Joseph W. TINNES, Defendant-Appellant.

Superior Court of New Jersey, Appellate Division.

Argued June 2, 2005.
Decided July 12, 2005.

*315 Michael J. Rogers, Somerville, argued the cause for appellant (McDonald & Rogers, attorneys; Mr. Rogers, of counsel and on the brief).

James L. McConnell, Somerville, argued the cause for respondent (Wayne J. Forrest, Somerset County Prosecutor; Mr. McConnell, of counsel and on the brief).

Before Judges WEFING, PAYNE and C.S. FISHER.

The opinion of the court was delivered by

FISHER, J.A.D.

In this appeal, we conclude that defendant was deprived of a fair trial because his counsel was required to utilize eight of his ten peremptory challenges prior to the trial judge determining whether any of the seated prospective jurors had a hardship that would have prevented them from serving. Once that question was posed, five of the fourteen satisfactory jurors were excused for hardship reasons, and defendant quickly exhausted his few remaining peremptory challenges during the process of selecting their replacements. Because the trial judge's bifurcated voir dire damaged the integrity of the jury selection process in this case, we reverse and remand for a new trial.

I

The grand jury returned Indictment No. 02-12-00850,[1] charging defendant with one count of second-degree possession of a weapon for an unlawful purpose, in violation of N.J.S.A. 2C:39-4(a), one count of third-degree unlawful possession of a handgun, in violation of N.J.S.A. 2C:39-5(b), one count of third-degree criminal mischief, in violation of N.J.S.A. 2C:17-3(a), and two counts of fourth-degree criminal mischief, in violation of N.J.S.A. 2C:17-3(a). A trial took place on September 29 and 30, and October 1, 7, 8 and 9, 2003. At its conclusion, the jury found defendant guilty of the first four counts of the indictment. The fifth count was dismissed by the trial judge for lack of evidence. The trial judge also denied defendant's motion that sought a judgment of acquittal or a new trial. Defendant was sentenced to a term of imprisonment of seven years, with a three-year period of parole ineligibility. Mandatory fees and assessments were also imposed.

Defendant appealed, asserting the following arguments:

I. THE JURY SELECTION PROCEDURES EMPLOYED BY THE TRIAL COURT DENIED DEFENDANT A FAIR TRIAL.
II. THE STATE'S BALLISTICS EXPERT SHOULD NOT HAVE BEEN PERMITTED TO RENDER AN OPINION THAT A PROJECTILE FOUND AT THE RESTAURANT WAS FIRED FROM THE REVOLVER FOUND NEAR DEFENDANT'S PLACE OF BUSINESS BECAUSE HE UTILIZED NO STANDARDS IN RENDERING HIS OPINION.
III. THE TRIAL COURT IMPROPERLY PERMITTED THE INTRODUCTION *316 OF CHARACTER EVIDENCE OF THE ACCUSED; ADDITIONALLY, THE TRIAL COURT SHOULD HAVE PERMITTED THE INTRODUCTION OF EXTRINSIC EVIDENCE TO IMPEACH THE CREDIBILITY OF MEGAN PETROVICZ [SIC] WITHOUT REBUTTAL BY THE STATE.
IV. THE VERDICT WAS AGAINST THE WEIGHT OF THE EVIDENCE.
V. THE INDICTMENT SHOULD HAVE BEEN DISMISSED BECAUSE THE STATE DID NOT PRESENT EXCULPATORY BALLISTICS EVIDENCE TO THE GRAND JURY.
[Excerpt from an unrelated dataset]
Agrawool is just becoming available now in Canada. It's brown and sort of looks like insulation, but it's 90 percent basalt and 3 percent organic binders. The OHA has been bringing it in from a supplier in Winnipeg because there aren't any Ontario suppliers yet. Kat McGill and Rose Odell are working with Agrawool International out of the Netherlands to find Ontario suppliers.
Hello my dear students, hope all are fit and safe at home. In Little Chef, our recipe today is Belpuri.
Because we agree that the trial judge erroneously conducted a bifurcated voir dire whereby he did not advise the jury panel of the trial schedule or ask whether that schedule would constitute a hardship on any of them until after defendant had used eight of his ten peremptory challenges, we conclude that defendant was deprived of a fair trial, and we reverse and remand for a new trial. As a result, we need not consider or decide the issues raised by defendant in Points II, III, IV and V.

II

An accused is constitutionally guaranteed the right to trial by an impartial jury by the Sixth and Fourteenth Amendments to the United States Constitution and Article I, paragraph 10 of our State Constitution. State v. Fortin, 178 N.J. 540, 575, 843 A.2d 974 (2004); State v. Williams, 113 N.J. 393, 409, 550 A.2d 1172 (1988) (Williams II). The jury selection procedures adopted in this State, by statute and rule, are designed to pursue the goal of producing a jury in each case that is "as nearly impartial as the lot of humanity will admit." State v. Williams, 93 N.J. 39, 60, 459 A.2d 641 (1983) (Williams I).
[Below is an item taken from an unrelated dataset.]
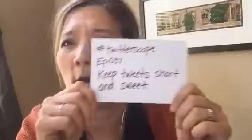Today's Twitterscope, we are going to talk about keeping your tweets short and sweet. The reason we keep our tweets short and sweet — at least for now — is we are limited in space to 140 characters. You've got to keep it short and to the point. I'm going to talk about a little tool, just in case you didn't know that tools like this exist.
Jury selection is "an integral part of the process to which every criminal defendant is entitled." State v. Singletary, 80 N.J. 55, 62, 402 A.2d 203 (1979); see also State v. W.A., 184 N.J. 45, 53-54, 875 A.2d 882 (2005); Williams II, 113 N.J. at 409, 550 A.2d 1172; State v. Brunson, 101 N.J. 132, 138, 501 A.2d 145 (1985). The trial judge plays a critical "gatekeeping" role in this regard, State v. Tyler, 176 N.J. 171, 181, 821 A.2d 1139 (2003), which has been described as vesting the trial judge with a "high responsibility," ibid., that includes taking "all appropriate measures to ensure the fair and proper administration of a criminal trial," Williams I, supra, 93 N.J. at 62, 459 A.2d 641.
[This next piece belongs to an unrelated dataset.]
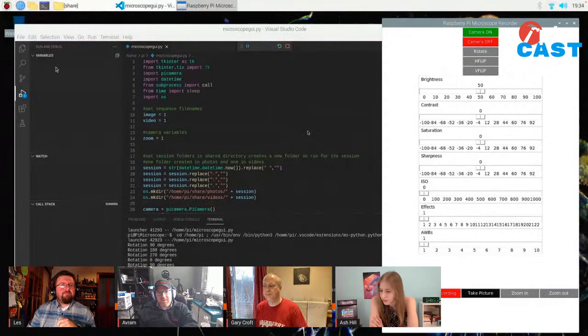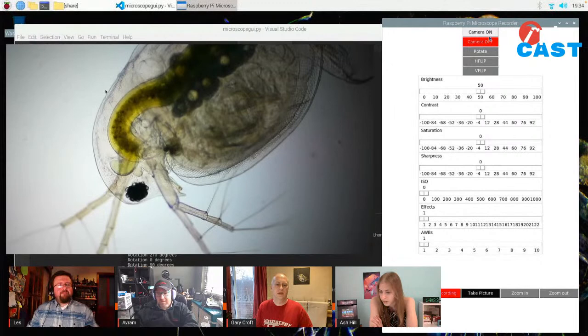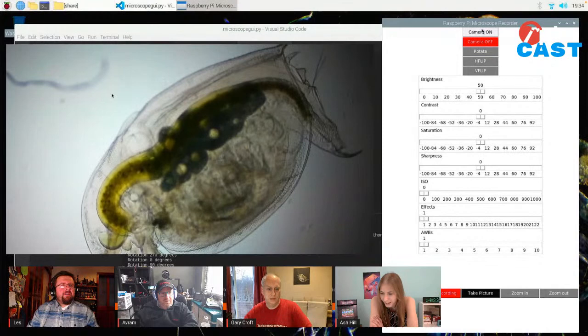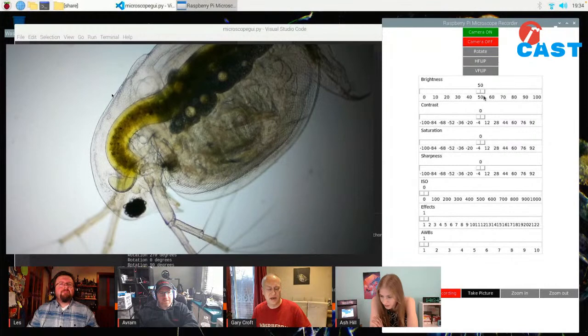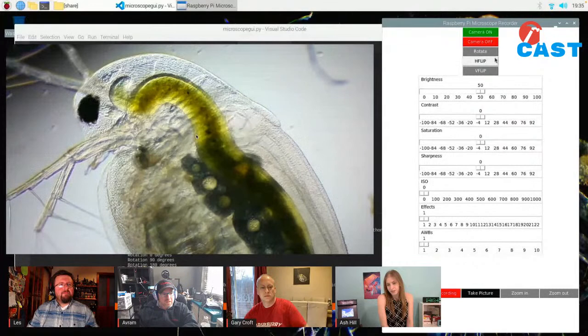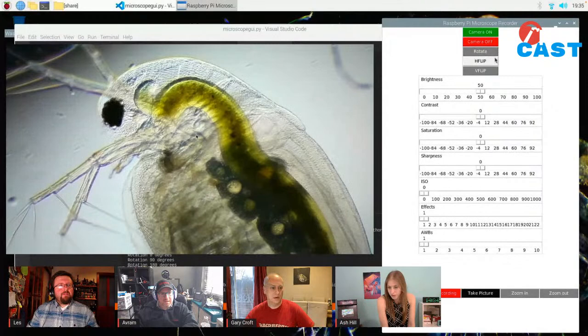I've written my own software for it. That's the raw output from the Pi HQ camera. What creature is that? That's a water flea - Daphnia. Now, the default settings of the Pi camera - when I first started, it was just large buttons: camera on, camera off, start recording, stop recording, take picture. I basically used the entire Pi camera module and built it out so now I can play with all the settings. The first thing I can do is rotate it. What level of magnification is that? It's only 40 power because it's quite a large creature. You can see there are some microscopic things in the background.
One vital aspect of the trial judge's gatekeeping role is the obligation to conduct "a thorough voir dire," State v. Fortin, supra, 178 N.J. at 575, 843 A.2d 974, that "probe[s] the minds of the prospective jurors to ascertain whether they hold biases that would interfere with their ability to decide the case fairly and impartially," State v. Erazo, 126 N.J. 112, 129, 594 A.2d 232 (1991). While it has been said that the trial judge possesses "broad discretionary powers in conducting voir dire [that] `will ordinarily not be disturbed on appeal,'" our Supreme Court has also indicated that it will not "hesitate[] to correct mistakes that undermine the very foundation of a fair trial—the selection of an impartial jury." State v. Fortin, supra, 178 N.J. at 575, 843 A.2d 974 (quoting Williams II, supra, 113 N.J. at 410, 550 A.2d 1172).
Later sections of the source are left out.